Section 5.02 Notice and Defense of Third Party Claims. Promptly
----------------------------------------
following the earlier of (a) receipt of notice of the commencement by a third
party of any Action against or otherwise involving any Indemnified Party or (b)
receipt of information from a third party alleging the existence of a claim
against an Indemnified Party, in either case, with respect to which
indemnification may be sought pursuant to this Agreement (a "Third Party
Claim"), the Indemnified Party shall give the Indemnifying Party written notice
thereof. The failure of the Indemnified Party to give notice as provided in
this Section 5.02 shall not relieve the Indemnifying Party of its obligations
under this Agreement, except to the extent that the Indemnifying Party is
prejudiced by such failure to give notice.
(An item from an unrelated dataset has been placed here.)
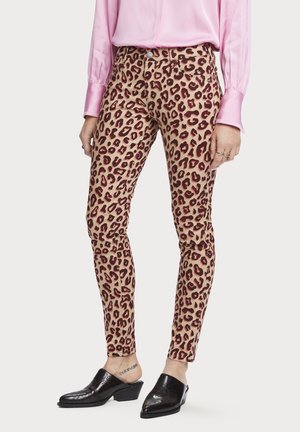 Femme portant un pantalon skinny beige et marron à imprimé léopard, un chemisier en satin rose et des mules à talons en cuir noir, debout devant un fond uni.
Within 30 days after receipt of such
notice, the Indemnifying Party shall by giving written notice thereof to the
Indemnified Party, (a) acknowledge, as between the parties hereto, liability
for, and at its option assume the defense of such Third Party Claim at its sole
cost and expense or (b) object to the claim of indemnification set forth in the
notice delivered by the Indemnified Party pursuant to the first sentence of this
Section 5.02 setting forth the grounds therefor; provided that if the
--------
Indemnifying Party does not within the same 30 day period give the Indemnified
Party written notice acknowledging liability and electing to assume the defense
or objecting to such claim and setting forth the grounds therefor, the
Indemnifying Party shall be deemed to have acknowledged, as between the parties
hereto, its liability to the Indemnified Party for such Third Party Claim. Any
contest of a Third Party Claim as to which the Indemnifying Party has elected to
assume the defense shall be conducted by attorneys employed by the Indemnifying
Party and reasonably satisfactory to the Indemnified
Party; provided that the Indemnified Party shall have the right to participate
--------
in such proceedings and to be represented by attorneys of its own choosing at
the Indemnified Party's sole cost and expense. If the Indemnifying Party
assumes the defense of a Third Party Claim, the Indemnifying Party may settle
or compromise the claim without the prior written consent of the Indemnified
Party; provided that the Indemnifying Party may not agree to any such
--------
settlement pursuant to which any remedy or relief, other than monetary damages
for which the Indemnifying Party shall be responsible hereunder, shall be
applied to or against the Indemnified Party, without the prior written consent
of the Indemnified Party, which consent shall not be unreasonably withheld. If
the Indemnifying Party does not assume the defense of a Third Party Claim for
which it has acknowledged liability for indemnification under Article IV, the
Indemnified Party may require the Indemnifying Party to reimburse it on a
current basis for its reasonable expenses of investigation, reasonable
attorneys' fees and reasonable out-of-pocket expenses incurred in defending
against such Third Party Claim and the Indemnifying Party shall be bound by the
result obtained with respect thereto by the Indemnified Party; provided that the
--------
Indemnifying Party shall not be liable for any settlement effected without its
consent, which consent shall not be unreasonably withheld. The Indemnifying
Party shall pay to the Indemnified Party in cash the amount for which the
Indemnified Party is entitled to be indemnified (if any) within 15 days after
the final resolution of such Third Party Claim (whether by the final
nonappealable judgment of a court of competent jurisdiction or otherwise), or,
in the case of any Third Party Claim as to which the Indemnifying Party has not
acknowledged liability, within 15 days after such Indemnifying Party's objection
has been resolved by settlement, compromise or the final nonappealable judgment
of a court of competent jurisdiction.
ARTICLE VI
EMPLOYEE MATTERS
Section 6.01 Employees. As of the Effective Time, all persons who are
---------
employees of the NDC eCommerce Subsidiaries shall be employees of Global
Payments, and all persons who are employees of the NDC Group shall be employees
of NDC, and no person shall be an employee of both NDC and Global Payments.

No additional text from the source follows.